もう2週間も前のコンサートの記録です。
スナイダーさんのLSO指揮デビューコンサート。ここ2年ばかりで、スナイダーさん関連では、ヴァイオリン・ソロとしてのLSOやウイーンフィルとの共演を聴いた。ウイーンフィルとの共演だったザルツブルク音楽祭では、演奏後はCDのサイン会で、CDにサインをしてもらい、握手もした。テクニックもさることながら繊細で優しいヴァイオリンの音は大好き。指揮者としては、どんなスタイルなのかとっても楽しみだった。
プログラムはワーグナー、シューマン、ブラームスというドイツプログラム。
冒頭の ニュルンベルクのマイスタージンガーの序曲は、暗譜だった。190センチぐらいあるのではという長身だから、指揮台は要らないぐらい。曲の持つスケール感を十分に引き出し、大きな音楽を聴かせてくれた。なぜか呼び戻しなしで拍手が終わったのが残念。

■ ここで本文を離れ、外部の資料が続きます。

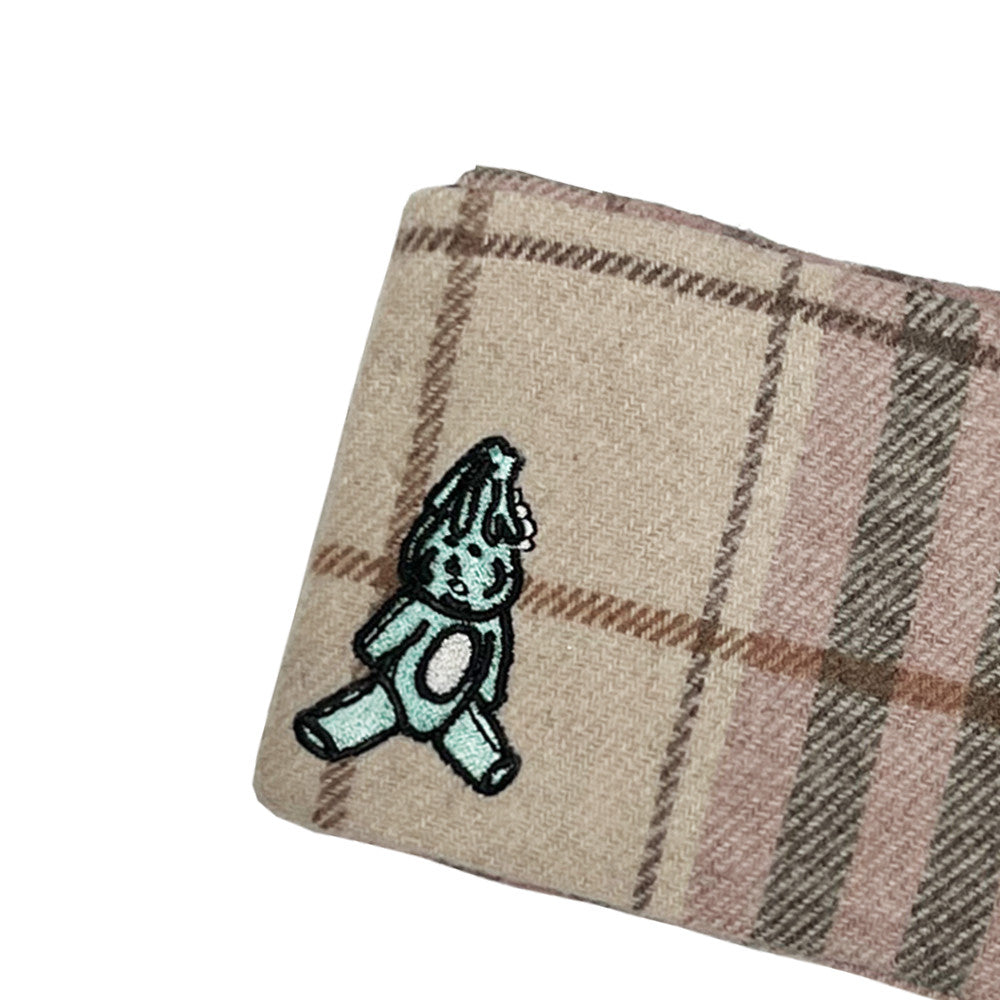 무기력 토끼의 겨울나기 카드지갑 체크 - Whimsy Mind 윔지마인드 - CAVA LIFE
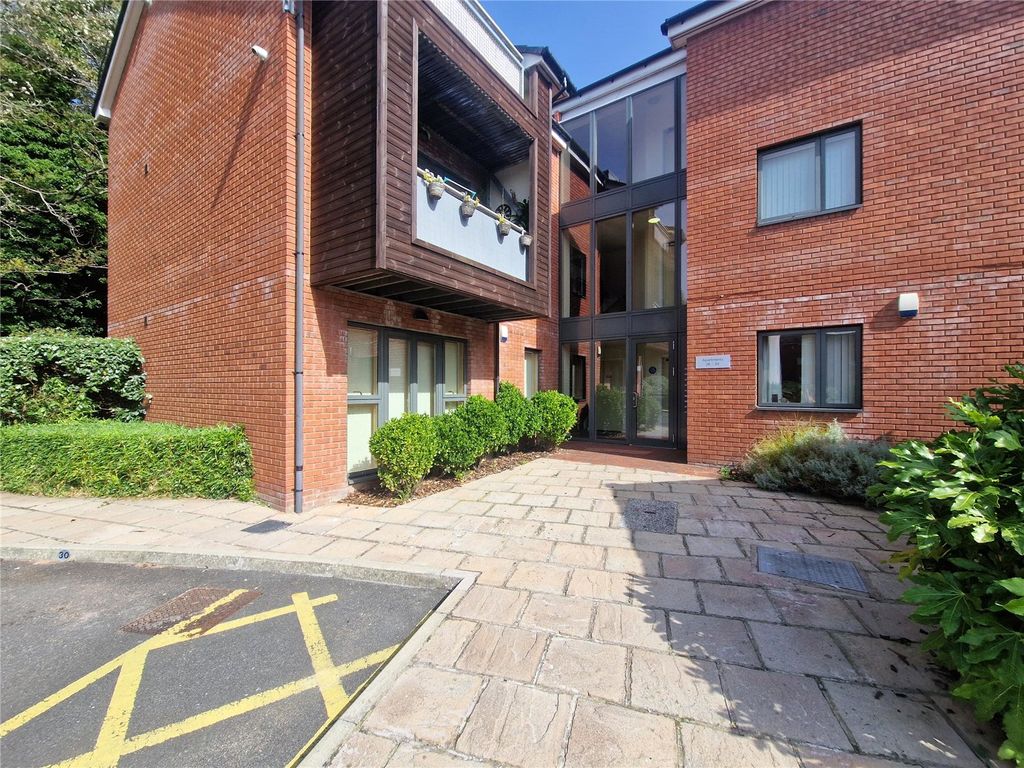 2 bed flat for sale in Bentley Place, Wrexham LL13, £100,000 Zoopla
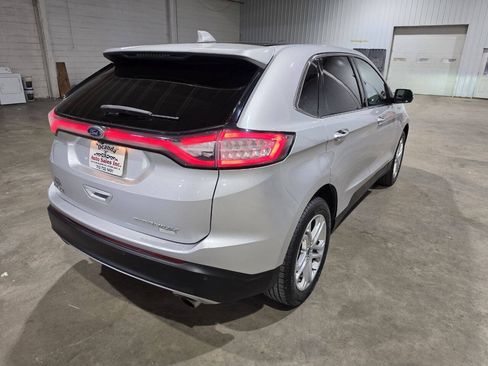 Used 2018 Ford Edge Titanium w/ Equipment Group 301A FWD image 10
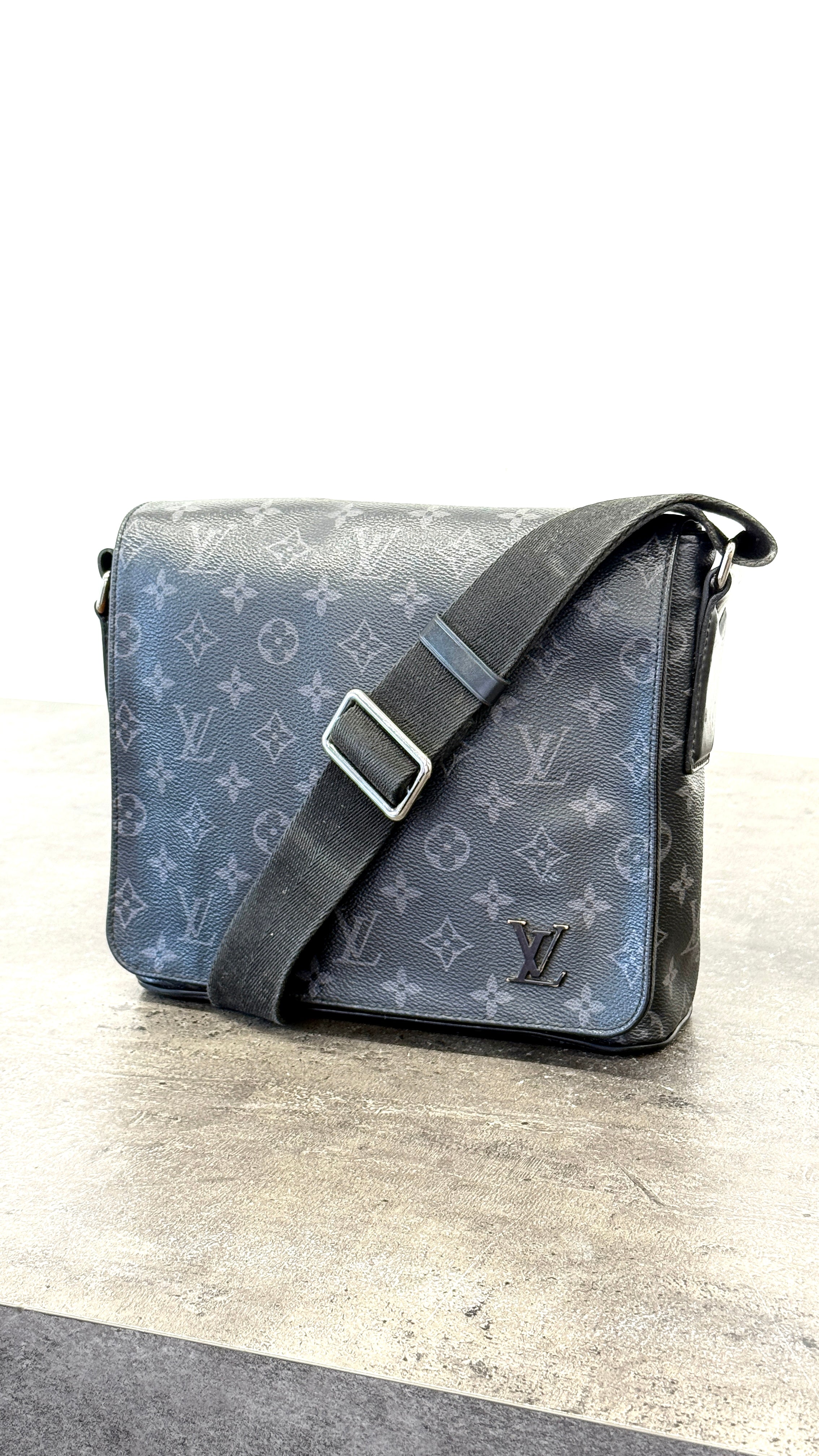 Men's Monogram Eclipse District Pm Messenger Bag Charcoal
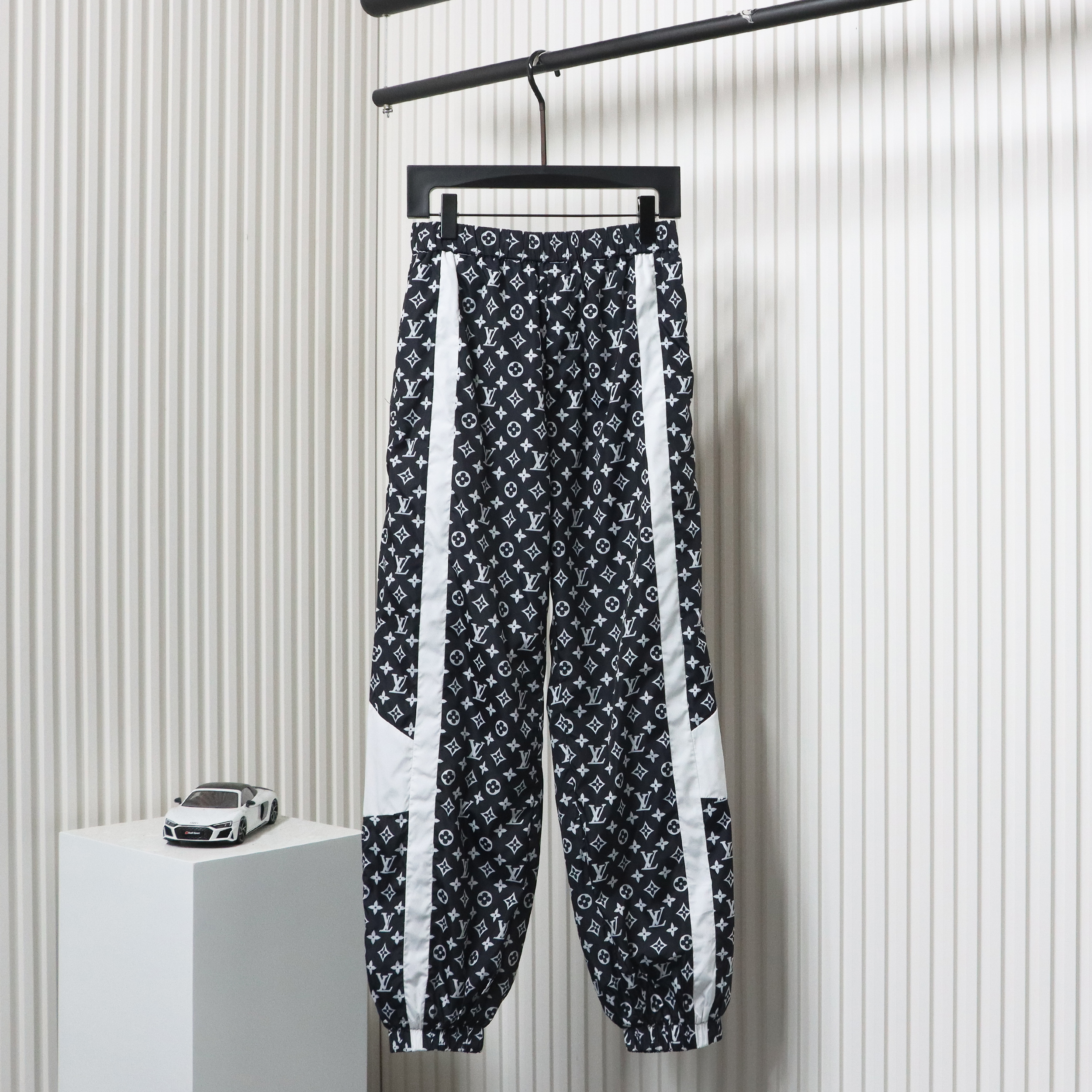 Louis Vuitton 24Fw Colorblock Monogram Sports Pants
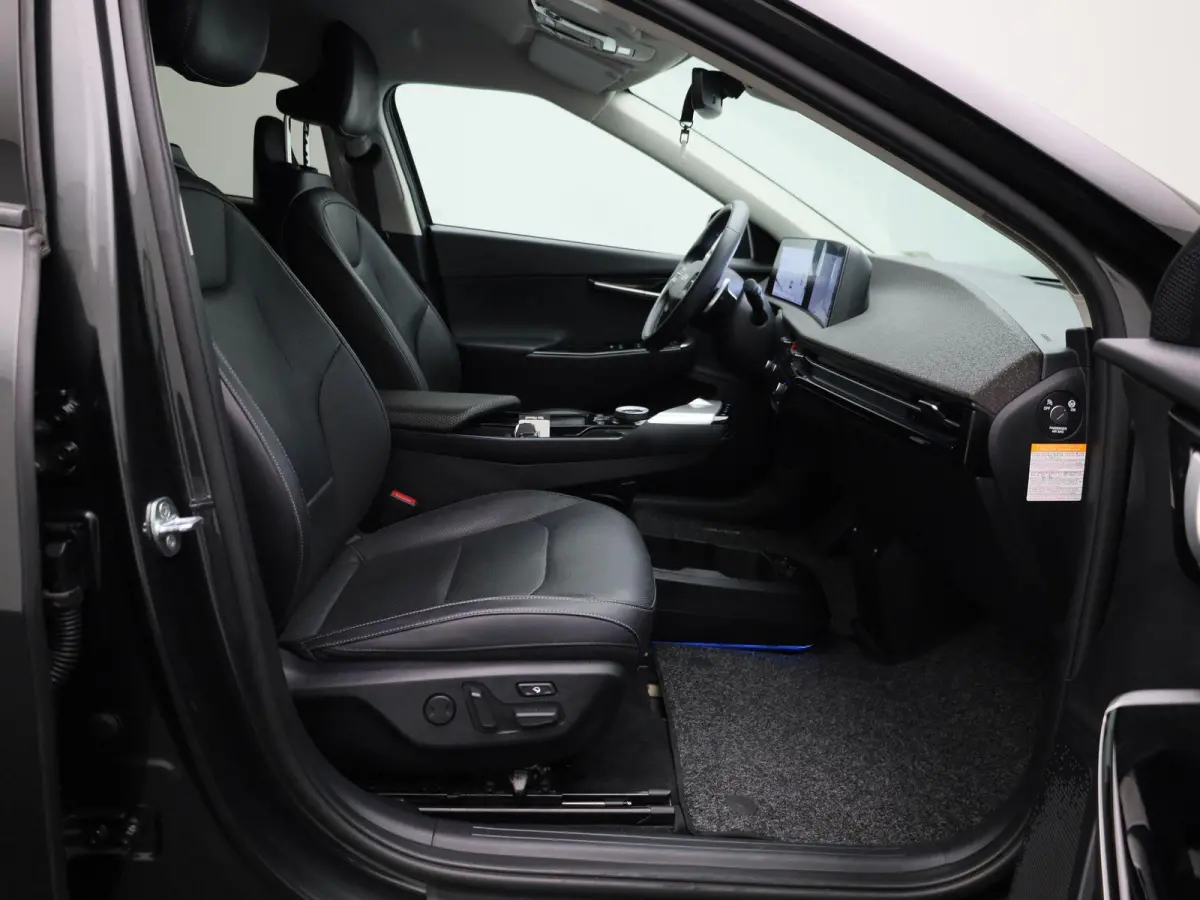 BEV 77,4 kWH Business Plus | Apple Carplay / Android Auto | Stoelverwarming | Stoelventilatie | Stuurverwarming | Achteruitrijcamera |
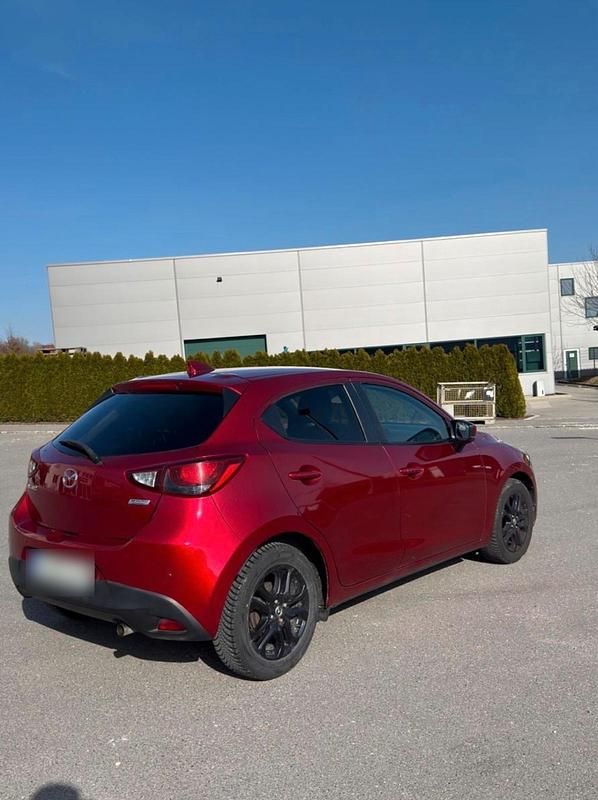 Gebraucht Mazda 2 Exclusive-Line 75 PS (55 kW) 2019 Rot Kleinwagen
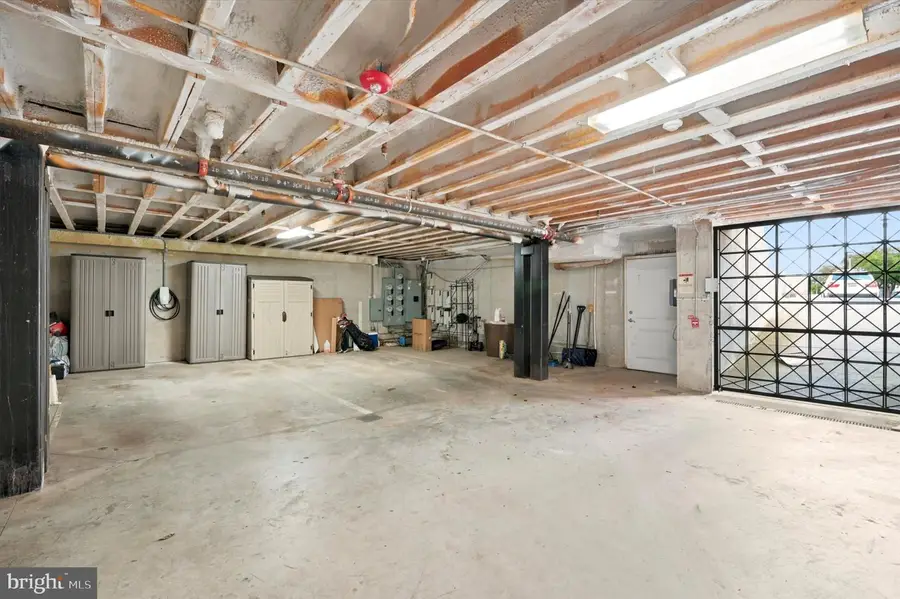 1022 Fairmount Ave #2, Philadelphia, PA 19123 - #3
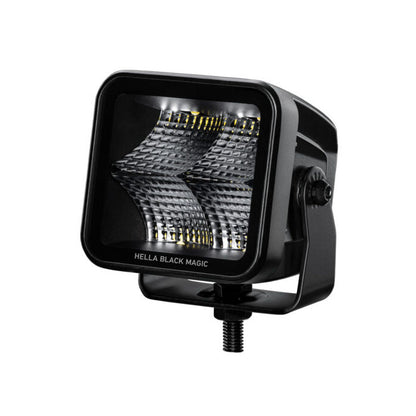 Faro LED Hella Black Magic para iluminación OffRoad resistente y potente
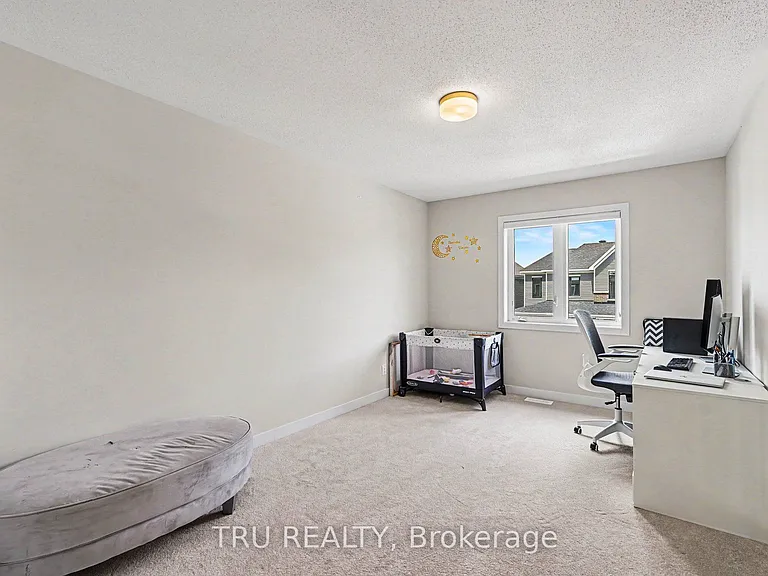 748 Eminence St — Photo 23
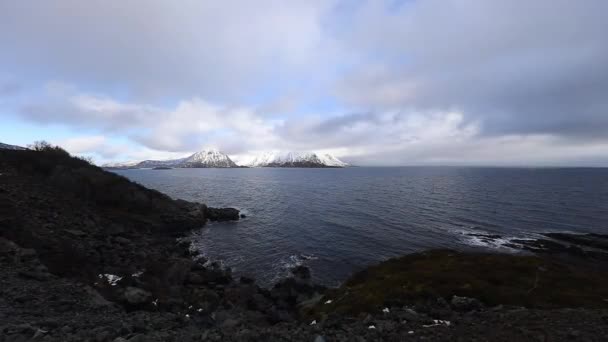 ロフォーテン諸島。美しいノルウェーの春の風景。Hd 映像. — ストック動画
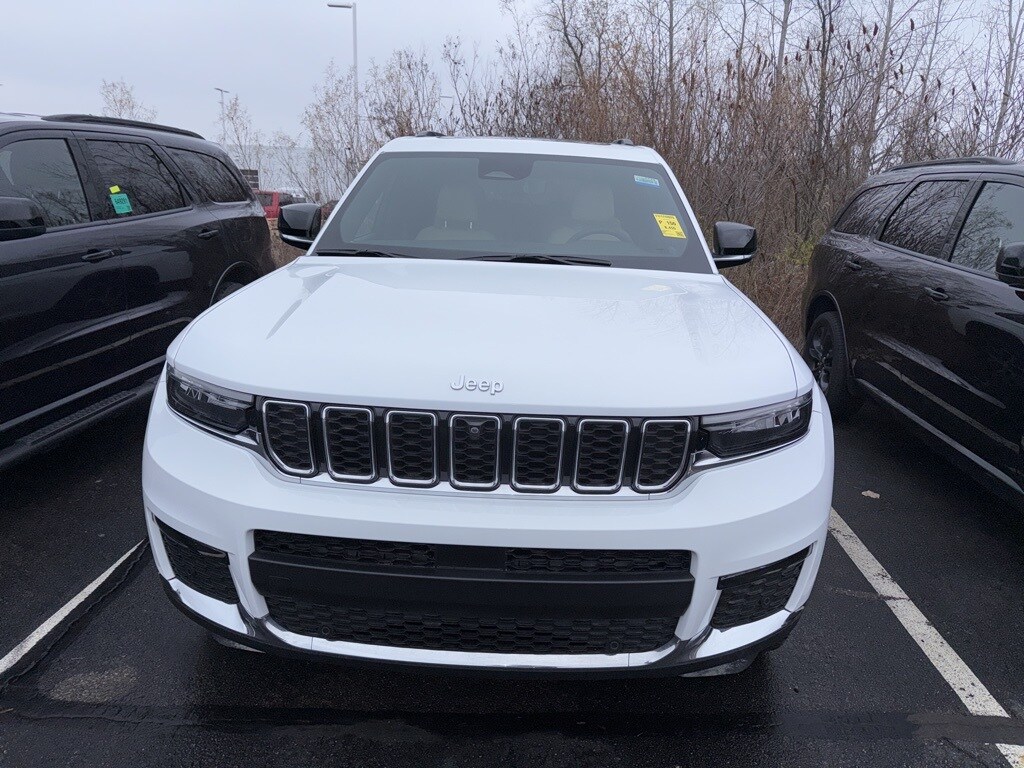 2024 Jeep Grand Cherokee Limited photo 2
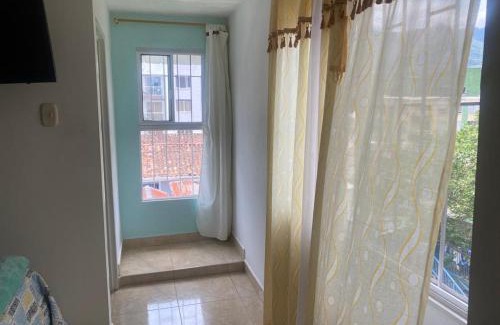 Calarca Casa | La Posada de Laura - Habitación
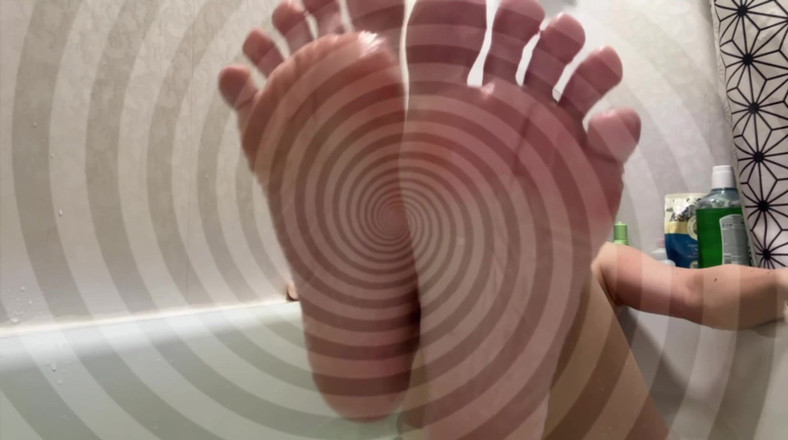 Skinny_lady69: Vrásčitá chodidla závislé na mesmerizinu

続いてのシューマンのピアノ協奏曲はいかにもロマン派という音楽。 サリーム・アッボウド・アシュカール(Saleem Abboud Ashkar)のピアノは、はっきりとした輪郭のなかに、優しさが一杯の音楽で、うっとりと聴き入った。
サプライズは休憩後のブラームス交響曲第4番。第一楽章、ゆったりと優しく始まった。ブラームスの4番と言えば、重厚な弦が畳み掛けるように襲ってくるイメージなのだが、私のイメージとは全く異なる優しいメロディ。これがブラームスの4番かと驚きを隠せなかった。第2楽章になるとペースは更にスローになる。弦のメロディ部分は普通にしても、木管がリード部分はことさらにゆっくりで聴かせる。モーツァルトやシューマンの如く優しく、ロマンティックだ。まるで全く別の音楽を聴いているようだった。途中でいったいこの曲はどうなるのか?と心配になったぐらい。このペースは結局第3楽章、第4楽章になっても変わらなかった。良く言えば、一つ一つの音節を噛み締めて味わうように音楽が構成されるし、悪くいうとブラームスの交響曲らしい勢い、厚み、流れが感じられない。最後のフィナーレも盛り上がりはあったものの、大きな波を被るようなうねりを感じることは少ないままに終わった。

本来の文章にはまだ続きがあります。